> [GIVEN INFORMATION]
•••
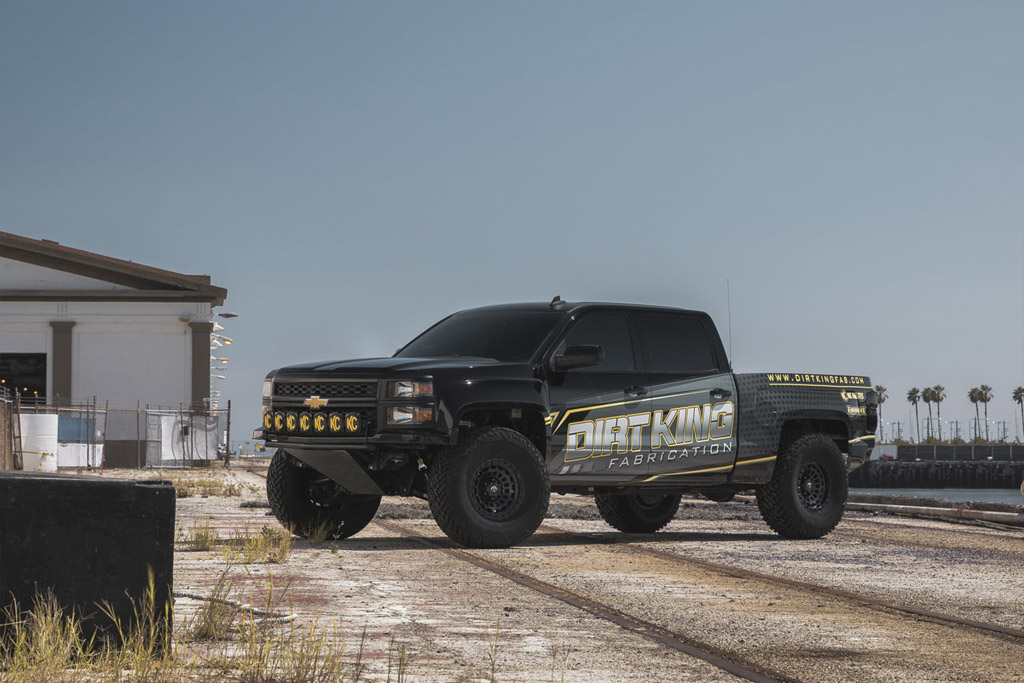 Fuel Zephyr D633 Beadlock wheels on Chevy Silverado Prerunner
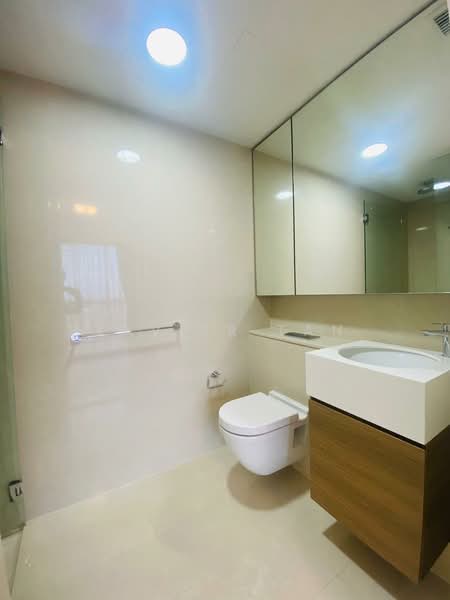 Echelon, 7 Alexandra View, 2 Bedrooms, 732 sqft, Condominium For Rent, by Xavier Tan, 500079056 - Bathroom - PropertyGuru.com.sg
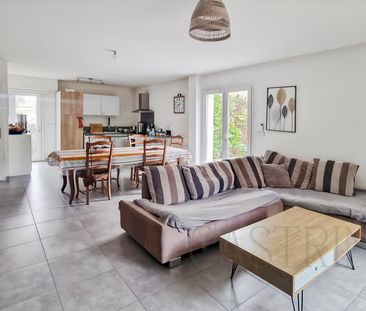 Location Maison 4 pièces 96m² CASTRIES 34160 - Photo 1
•••
Nothing but the lines from the one with "Echelon, 7 Alexandra" through the last line of the material above should appear in the answer, each copied exactly, with no pictures.

 Echelon, 7 Alexandra View, 2 Bedrooms, 732 sqft, Condominium For Rent, by Xavier Tan, 500079056 - Bathroom - PropertyGuru.com.sg
 Location Maison 4 pièces 96m² CASTRIES 34160 - Photo 1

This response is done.